В конце февраля воротился наконец гонец из Стамбула и Ахмет-ага вызвал к себе московских посланцев.
— Ну вот, господин Тяпкин, султан утвердил ваши условия. Читайте шертную грамоту и подписывайте. А ханское величество достойно проводит вас в обратный путь.
Тяпкин прочёл один раз шертную грамоту, другой, дал прочесть Никите Зотову.
— Ну?
— Так тут о Запорожье ни слова.
— И о свободном плавании по Днепру тоже опущено. Ахмет-ага, мы не можем подписывать шерть в таком виде.
— Как так не можете? — возмутился татарин. — Эта шерть утверждена самим султаном.
— Ну и что? Надо внести статьи о Запорожской Сечи, как было, и о плавании по Днепру. Султан мог не обратить на это внимания: что ему подсунули, то он и утвердил, а ваши чиновники исключили эти статьи.
— Вы что, приехали сюда наших государей учить? Да? — закричал Ахмет-ага. — Или по яме соскучились? Мы можем и без вас обойтись, пошлём с этой грамотой своих послов к царскому величеству, а вас в железы закуём и на каторгу.
— А что ты кричишь на нас, Ахмет-ага, — сказал спокойно Тяпкин. — Мы государевы люди и царского величества интерес блюдём. Давай я отправлю гонца в Москву. Позволит государь это подписывать, мы подпишем. Не.
даст согласия — не подпишем. Ты-то ведь тоже не вольный человек, тоже ведь в ханской и султанской воле.

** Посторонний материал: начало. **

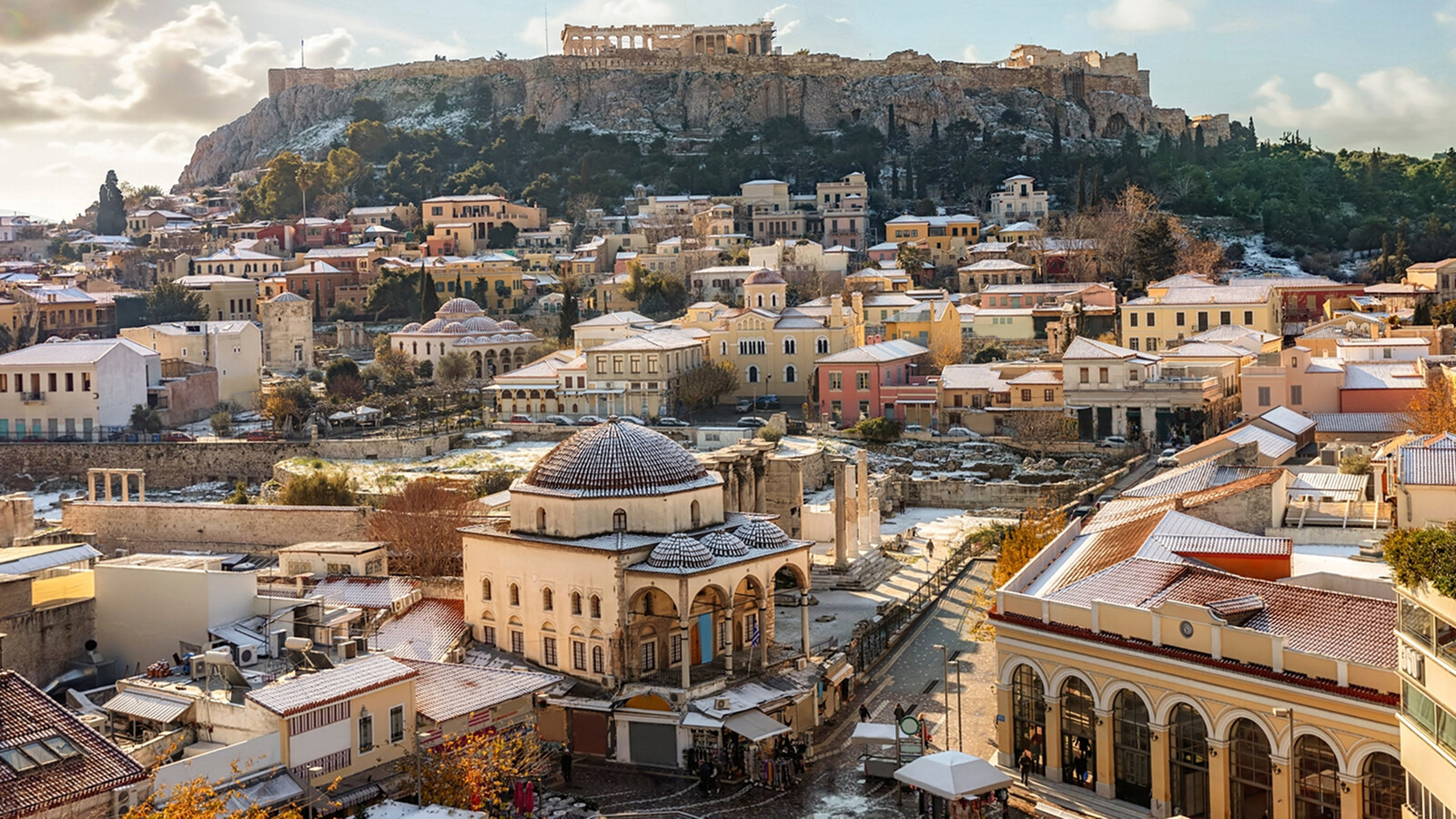 Athene onder een dun laagje sneeuw, over de daken heen gezien richting de Akropolis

— Хорошо, я доложу хану, — сказал Ахмет-ага тоном, не обещающим ничего хорошего. — Но вы добра не ждите.
Однако Мурад-Гирей, выслушав своего клеврета, не разделил его гнева на государевых людей.
— Ты зря кричал на них, Ахмет. Султан не менее царя заинтересован в перемирии. А шертная грамота что? Это ведь ещё не договор, но лишь клятва соблюдать определённые условия будущего договора. И Тяпкин прав, что статьи эти опустили, видимо, чиновники, не султан. Мне султан написал, чтоб я с честью их проводил, статьи их пригодны нам, а ты их опять ямой пугаешь. Зачем? Договор будет заключаться в Стамбуле, не у нас. Мы лишь посредники, Ахмет-ага, посредники. А ты кричишь на них, сам себя подарков лишаешь. А у них, я слышал, несколько мешков рухляди — соболи, куницы, песцы. С ними лаской надо ныне, а не таской, Ахмет, лаской.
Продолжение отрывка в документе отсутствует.